Fundamentals of doing experiments
With its roots in Psychology, experiments have always played an important role in Human-Computer Interaction (HCI). Designs benefit from data and that data often can come from experiments. From the very early days, experiments allow us to collect data to quantitatively analyze our designs and see if they perform as we hope they do. Considerable skills and scientific knowledge are necessary to do well-designed experiments. Good knowledge of statistics is also important.
As in traditional experiments, measurement is important. Unlike traditional behavioural research, however, controlling all the variables except those of direct interest is generally not possible. If you have a background in pure science you will need to get used to the more applied approaches that dominate HCI.
Why do we do experiments?
We do experiments to understand the differences in performance. Those differences in HCI and IxD come in a couple of forms. How do humans interact with your design? How fast are they? How many errors do they make? All these can be captured in preferences. Great user-experiences come from a deep and nuanced understanding of the people who will be using them. When experiments are used in HCI they tend to have a narrow scope and usually address specific aspects of human-computer interface design.
Fundamentals of doing experiments
When you plan an experiment you need to think about three aspects:
The purpose of the experiment - what is being changed, what is being kept constant, and what is being measured,
A hypothesis, which needs to be stated in a way that can be tested,
What statistical tests you will apply to the data that you collect and why.
For example, an evaluation of relative user efficiency in using function keys or menus in an industrial process control system would have to be stated in terms of the elements to be compared (that is, function kets versus menus), the constant features of the testing situation (such as the experience of the process operators and their control tasks) and the measures of user performance being studied (such as command execution speed or error rates). In this situation, one possible hypothesis is that function keys are more efficient, that is, they produce faster command execution. Groups of users would be given the two interfaces, and the statistical significance of the difference in command execution times and error rates would be determined.
A significant result tells us that is a statistically significant difference between things we are comparing. A non-significant result doesn’t tell us that there is no difference between things we are comparing, but it tells us that there was not a detectable difference with the data that we had. Whether there is a real difference depends only on the data we can analyze. Finally, a non-significant result may just mean that we didn’t have enough data to detect a difference. The result is not detectably different.
As we mentioned above, variables are an important part of an eye-tracking experiment. A variable is anything that can change or be changed. In other words, it is any factor that can be manipulated, controlled for, or measured in an experiment. The independent variable (IV) is the variable that the experimenter manipulates. The variable that is dependent upon it is the dependent variable (DV). So the independent variable should always remain uninfluenced by the dependent variable, whereas the dependent variable is expected to be influenced by the independent variable.
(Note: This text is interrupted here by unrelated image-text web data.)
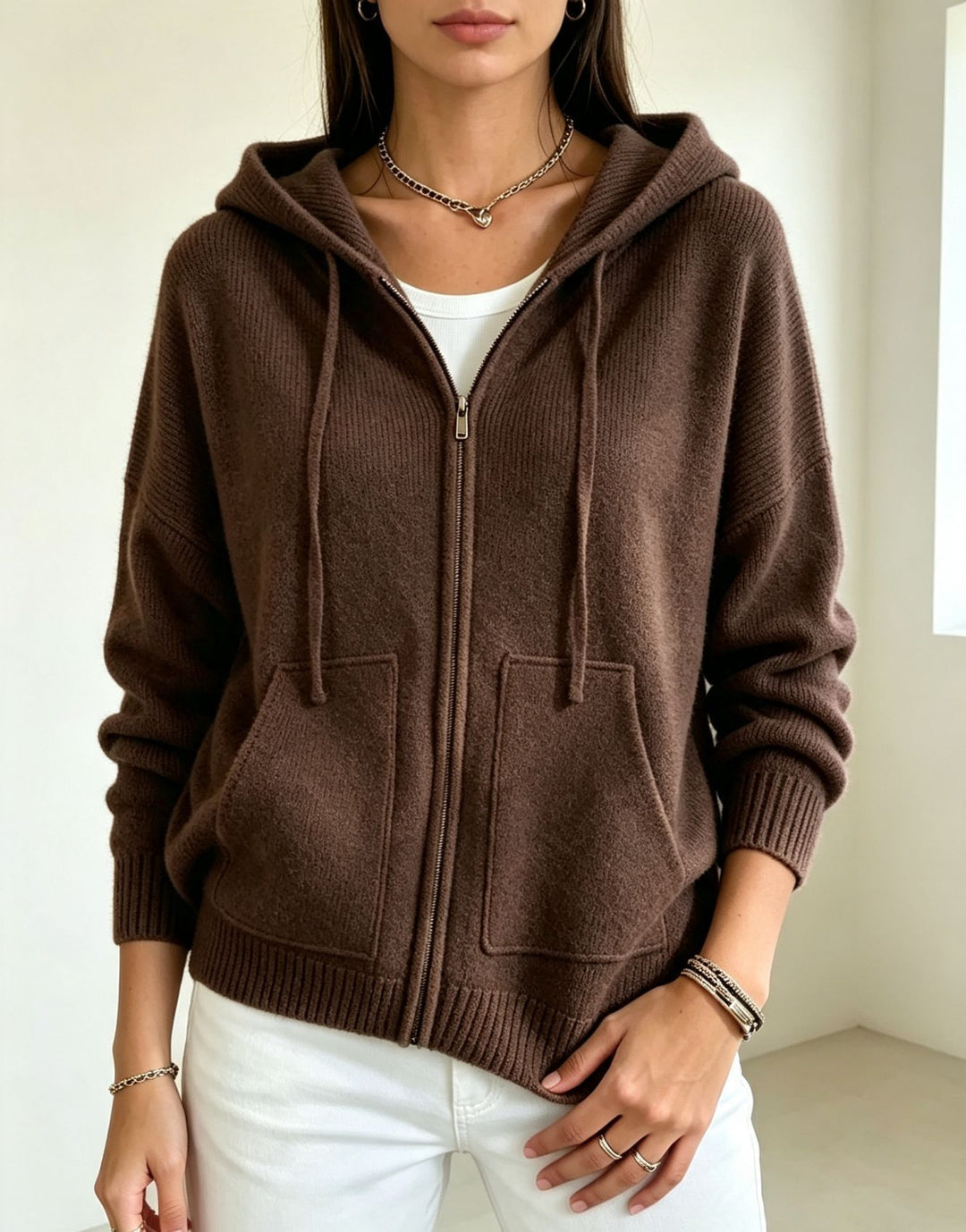 Damen Kapuzen-Wollmix Zip-Cardigan mit kastiger Passform und Kängurutaschen Drune
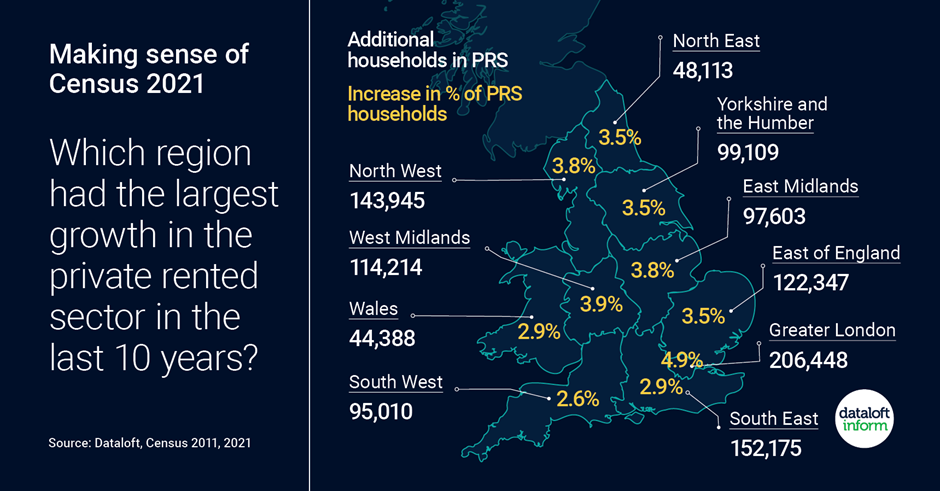 A map that is shows the increase of private rented sector in the UK.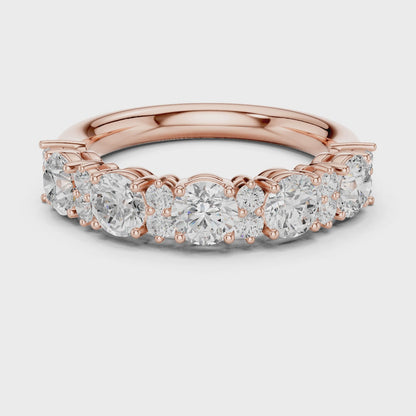 Luminescence Alternating Round Diamond Anniversary Band in Rose Gold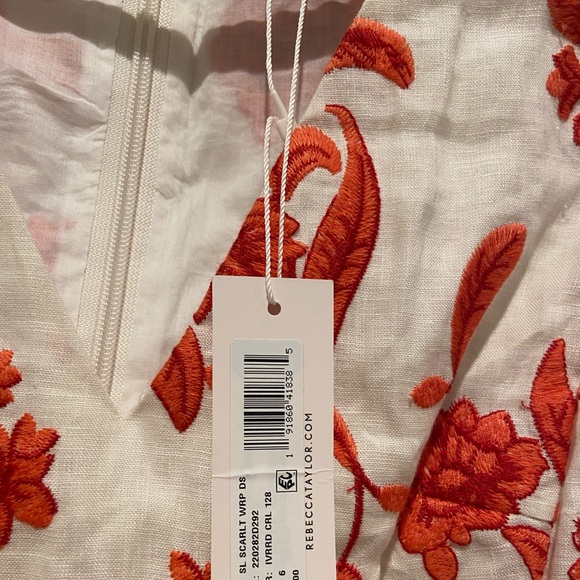 Rebecca Taylor SCARLET EMBROIDERED WRAP DRESS - Picture 7 of 7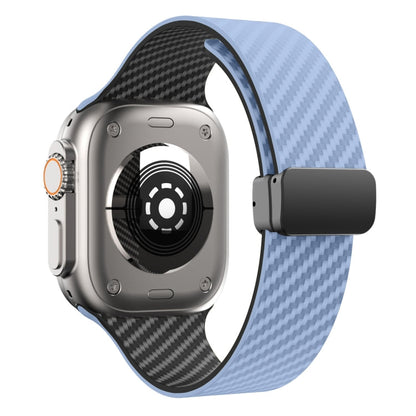 Rynx | For Apple Watch Series 4 40mm Carbon Fiber Magnetic Black Buckle Watch Band (Light Blue Black)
You will need to select your subjects carefully so that you avoid biases. For example, if you were doing an experiment to determine which out of four sets of icon designs were recognized fastest by children between 7 and 10 you would need to select children that covered the total age range so that there was no age bias, equal numbers of boys and girls to avoid gender bias and children with the same level of experience of using computers and whose academic records were similar.
The way that the experiment is designed is important, too, and there are three well-known experimental designs: independent, matched subject, and repeated-measures designs.
Independent subject design: In this condition, a group of subjects is obtained for the experiment as a whole and then subjects are allocated randomly to one of, say, two experimental conditions.
Matched subject design: In this condition, subjects are matched in pairs (often a male and a female so that any bias resulting from gender can be eliminated), and then the pairs are allocated randomly to the two conditions.
Repeated measures design: In this design, all the subjects appear in both experimental conditions, so halving the number of subjects needed in comparison with the other two designs. Although there are no problems of subject allocation with this design, there are problems to do with the order in which subjects do the task. For example, might learn on the first task influence performance on the second?
A fourth type of design is single-subject design, in which in-depth experiments are performed with just one subject. While this may be essential for reasons of scale in some studies, there can be problems. It may not be possible to validate the results statistically and any learning that occurs may bias the results. Any change in the dependent variable that is caused by a change in the independent variable is called an experimental effect. However, there may also be changes in the dependent variable that are brought about by variables other than the independent variable. As we have already said, in a repeated measures design it is possible that order will have an effect on subjects' performance. When such things happen the experimental effect is said to be confounded. The effect of order can be reduced by dividing the subjects in the repeated measure design into two groups. One group then does task A followed by task B and the other group do task B followed by A.